Content Market Embedding

A content market embedding stores information about the embeddings of the tweets in the community. It has the following fields:

  • latent_space_dim: the dimesionality of the embeddings
  • embedding_type: the embedding type used to embed the tweets
  • tweet_embeddings: mapping of tweet id to embedding vector

Content Market Builder

The content market builder is responsible for managing the process of constructing a content market from the given inputs by running the following individual steps:

  1. Creating and populating all user objects
  2. Partitioning the users into the different user groups according to the selected partitioning strategy
  3. Computing the clustering from the embedded tweets
  4. Calculating the supply and / or demand curves of each user based on the clustering

The entry point of the module ./src/main.py leverages the builder and runs these steps.

DAO

The DAO objects acts as an interface with our datastore.
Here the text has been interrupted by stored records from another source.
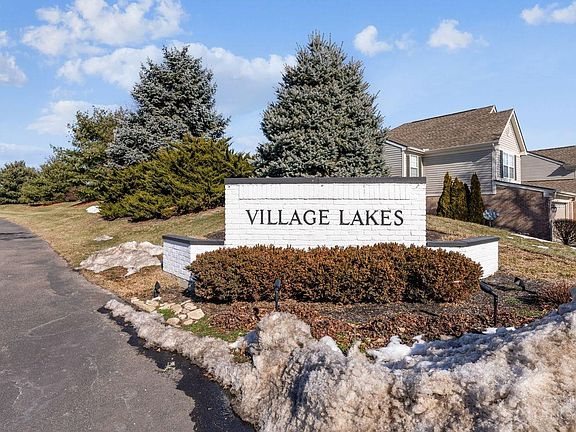 4th image of 4106 Eastvillage Dr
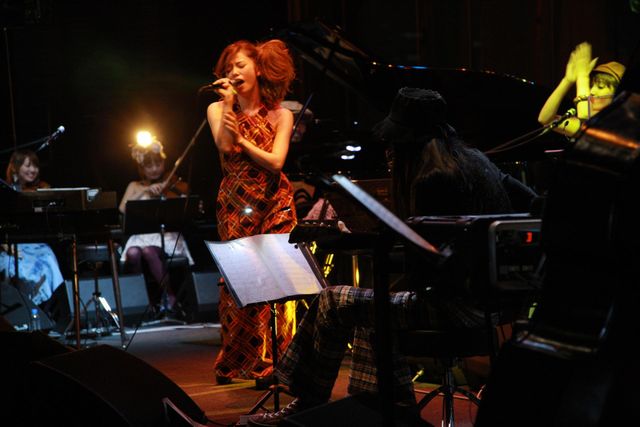 「MTV Unplugged：Chara」ライブ風景（8枚目）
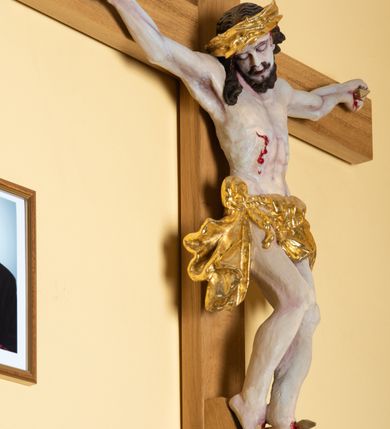 Zdjęcie nr 5: Chrystus przybity do krzyża na wyprężonych ramionach, w silnie wygiętej, esowatej pozie, z głową pochyloną na piersi, przechyloną na prawe ramię. Twarz z prostym nosem, ciemnobrązowymi oczami, lekko rozchylonymi wargami, twarz okolona zarostem i włosami opadającymi na prawe ramię. Klatka piersiowa z zaznaczoną muskulaturą, perizonium przewiązane w pasie sznurem, o fałdach miękko modelowanych, z rozwianym końcem opadającym wzdłuż prawej nogi. Nogi ułożone ukośnie, założone lewa na prawą, przebite jednym gwoździem. Ponad głową Chrystusa titulus z napisem "INRI".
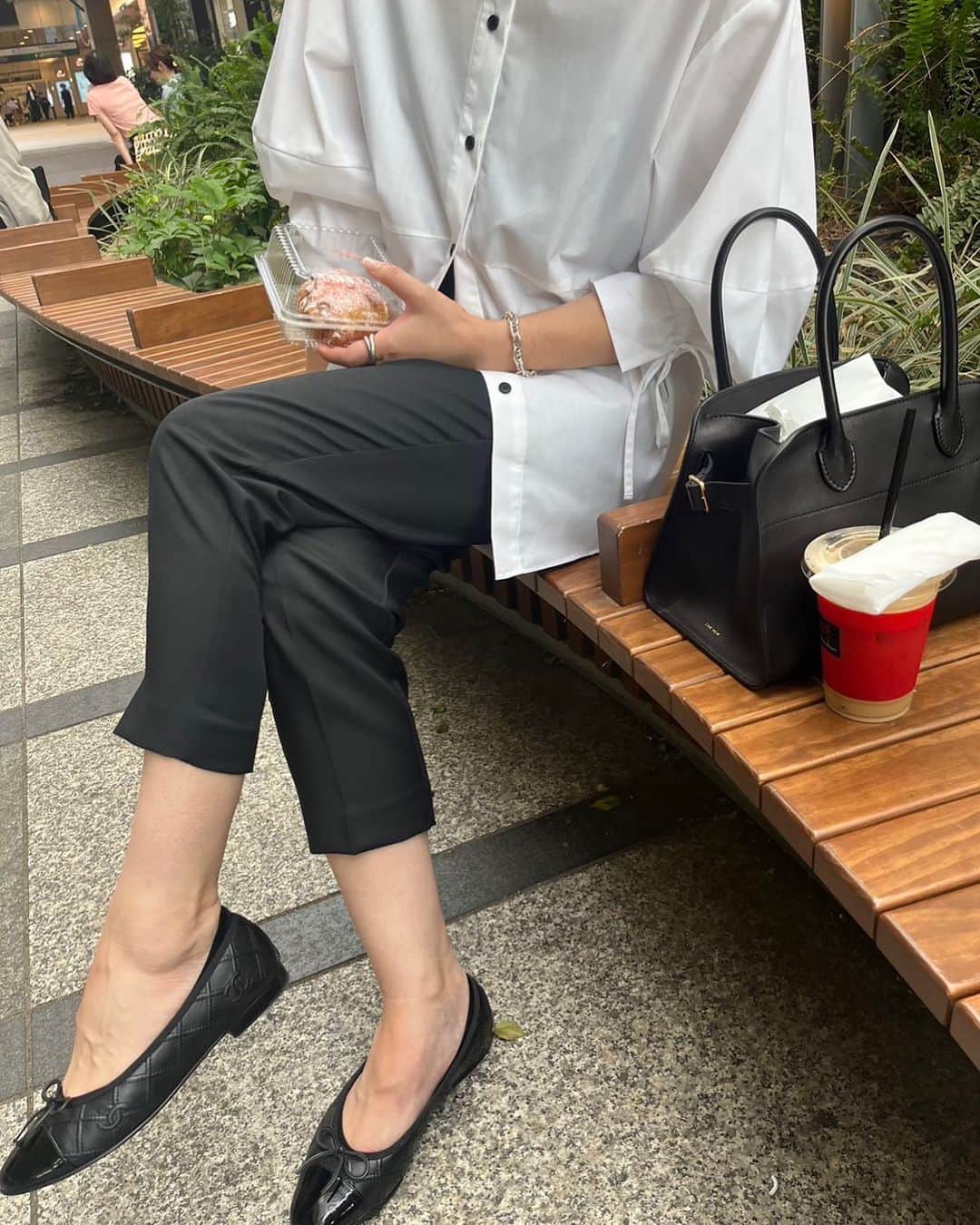 aki_closetのインスタグラム：「. @midwest_aki_ ちゃんと☕️🥐 カフェの席が外人さんで埋まっていてお外でモーニング  これも今の季節だと気持ちいい🌿  @gypsohila.jpn のスラッシュブラウス発おろし♡  わかりにくいけどシルエットもボタンの黒の感じも袖のリボンも❤️ 全部お気に入り  #gypsophila  #machatt #chanel #therow」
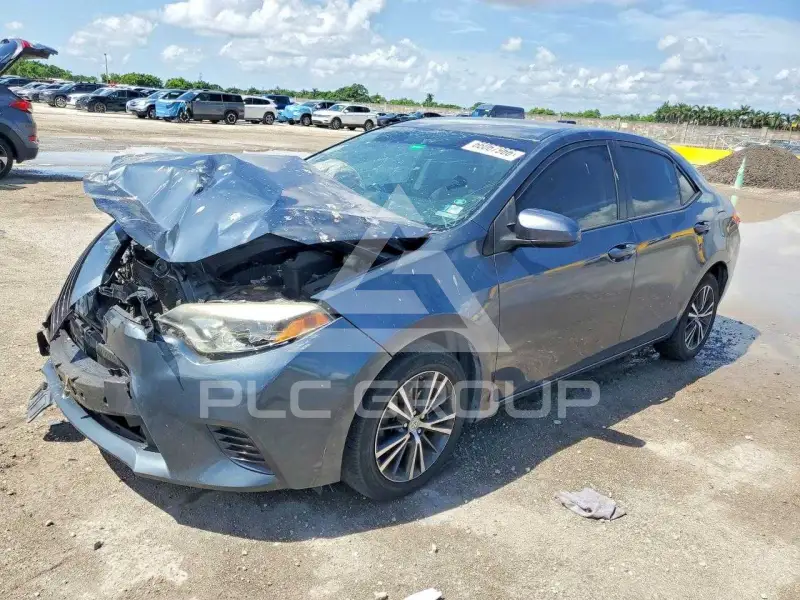 2016 Toyota COROLLA фото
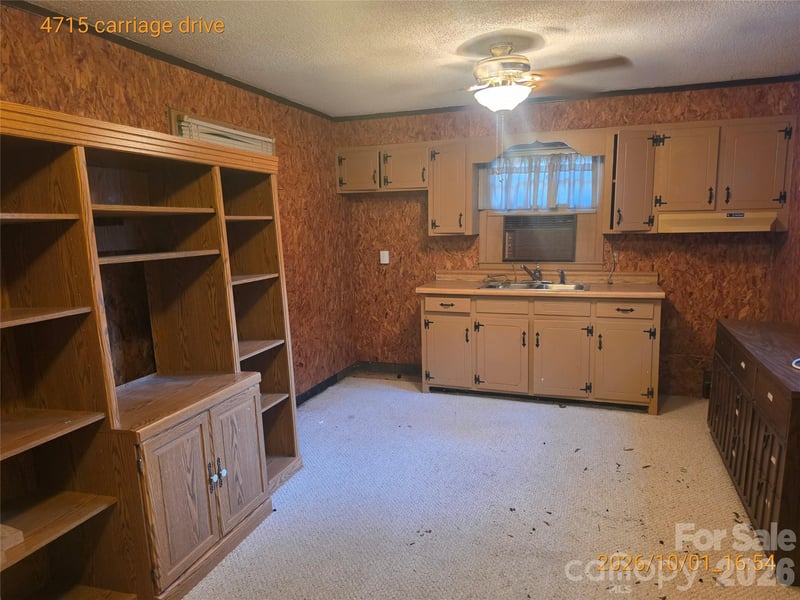4715 Carriage Drive Cir, Charlotte, NC 28205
This gives us the ability to switch between storage solutions while maintaining a common interface, seperating the database accesses with our high level object definitions. Currently, we have a MongoDB DAO implementation, and recommend using Mongo as the data layer for this app and the overall research project.

Configuration

This configuration file is used to configure the database and collection names of the inputs and outputs of this module, as well as various parameters which impact the computed data. A default/example config file can be found here.

A config file includes the following fields:

  • num_bins: An integer representing the number of clusters to partition the tweet embeddings into.
  • partitioning_strategy: A string representing the partitioning strategy to use. Currently available options are: "users". See user-partitioning
  • embedding_type: A string representing the type of tweet embeddings being used. For now, it is set to "tweet2vec".
  • database: An object containing information related to the databases used by the application. Since currently only Mongo is supported, the fields within this object include:
    • db_type: A string representing the type of database being used. In this case, it is set to "Mongo".
    • connection_url: A string representing the connection URL to the MongoDB instance.
    • community_db_name: A string representing the name of the database used for storing community information.
    • community_info_collection: A string representing the name of the collection used for storing community expansion information
    • user_info_collection: A string representing the name of the collection used for storing user information.
    • original_tweets_collection: A string representing the name of the collection used for storing original tweets in the communty.
    • quotes_of_in_community_collection: A string representing the name of the collection used for storing quotes from within the community.
    • quotes_of_out_community_collection: A string representing the name of the collection used for storing quotes from outside the community.
    • retweets_of_in_community_collection: A string representing the name of the collection used for storing retweets from within the community.
    • retweets_of_out_community_collection: A string representing the name of the collection used for storing retweets from outside the community.
    • content_market_db_name: A string representing the name of the database used for storing content market data - the output database name.
    • clean_original_tweets_collection: A string representing the name of the collection used for storing clean original tweets.
    • clean_replies_collection: A string representing the name of the collection used for storing clean replies.
    • clean_quotes_of_in_community_collection: A string representing the name of the collection used for storing clean quotes from within the community.
    • clean_quotes_of_out_community_collection: A string representing the name of the collection used for storing clean quotes from outside the community.
    • clean_retweets_of_in_community_collection: A string representing the name of the collection used for storing clean retweets from within the community.
    • clean_retweets_of_out_community_collection: A string representing the name of the collection used for storing clean retweets from outside the community.
    • tweet_embeddings_collection: A string representing the name of the collection used for storing tweet embeddings.

Latent Space Embedding

Latent embedding representation of words is ubiquitous in machine learning applications. However, embedding full sentences are much less prominent, let alone embedding tweets. This issue arises from the inherent nature of a tweet that is menat to be a casual string of text in which users often rely on the social context for using abbreviations, hashtags and making typos that cause most word to vector models to struggle for an accurate representation of the data.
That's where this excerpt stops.